BRUSSELS - A second huge bailout in two years may have staved off bankruptcy for Greece, but for Europe’s finance ministers it did something even more important: bought the eurozone valuable time.
During all-night talks that ran until yesterday morning, ministers, officials, and bankers pulled off a $172 billion deal designed to avert the alarming prospect of a disorderly default in Greece.
And for Greece’s eurozone partners, the agreement provides crucial weeks to build a credible firewall to protect the bigger economies of the euro currency bloc, and to put in place new economic policies in Italy and Spain. With little confidence in Greece’s ability to deliver on the austerity measures its lawmakers have approved, European officials are moving swiftly to the task of bolstering their bailout fund for the euro.
If the debt crisis can be contained to Greece, which represents around 2 percent of the combined eurozone economy, then the currency is generally thought to have good prospects of recovery.
Olli Rehn, the European commissioner for economic and monetary affairs, addressed the concerns about contagion yesterday after the meetings ended.

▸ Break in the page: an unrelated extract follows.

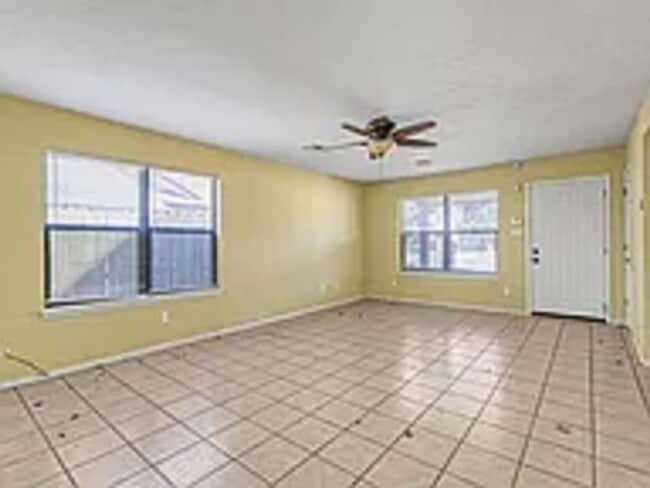 Building Photo - 4104 SW Rolling Hills Dr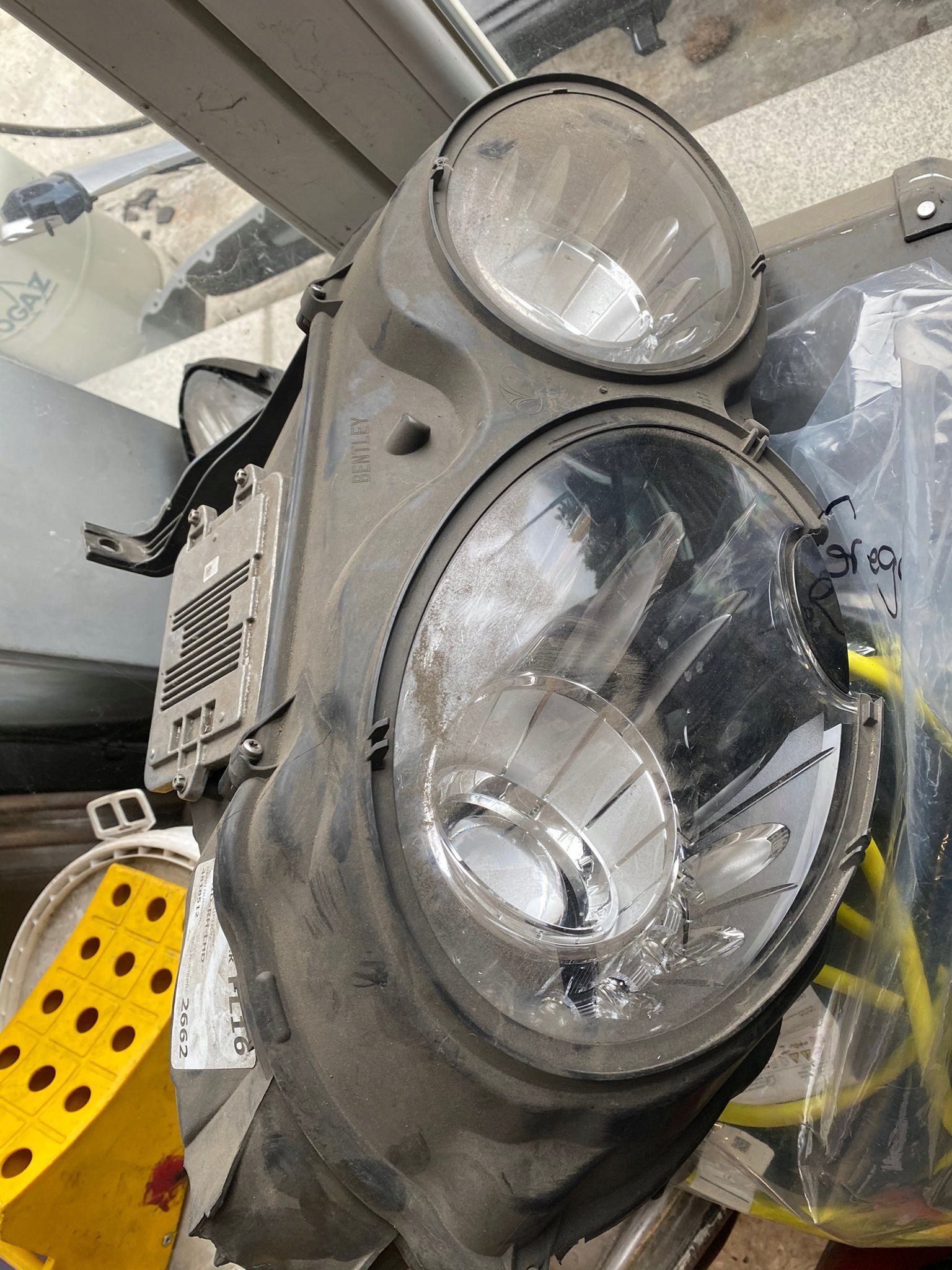 бентлі континенталь flying spur перед передня права фара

“Firewalls are being strengthened,’’ he said. “We had a good discussion last night and today in this regard, and I expect decisions from the leaders of the EU in the summit of March 1 and 2.’’
Rehn said he favored a system that would combine the firepower of the new, permanent $662 billion European Stability Mechanism with the money still left in the coffers of the temporary European Financial Stability Facility - likely to be around $185 billion after the second Greek bailout.
Germany, with the biggest eurozone economy, has given no sign that it will agree to such a plan, but pressure is mounting.
Although the meeting in Brussels lasted more than 13 hours, a deal never really seemed in doubt. Even during the opening discussion Monday afternoon, ministers made it clear that they wanted an agreement, according to another official not authorized to speak publicly.
Greeks were torn between relief and foreboding on the news that their country has received a new massive bailout - while the aid will protect them from default and keep them in the euro bloc, it will also cost households years of economic hardship.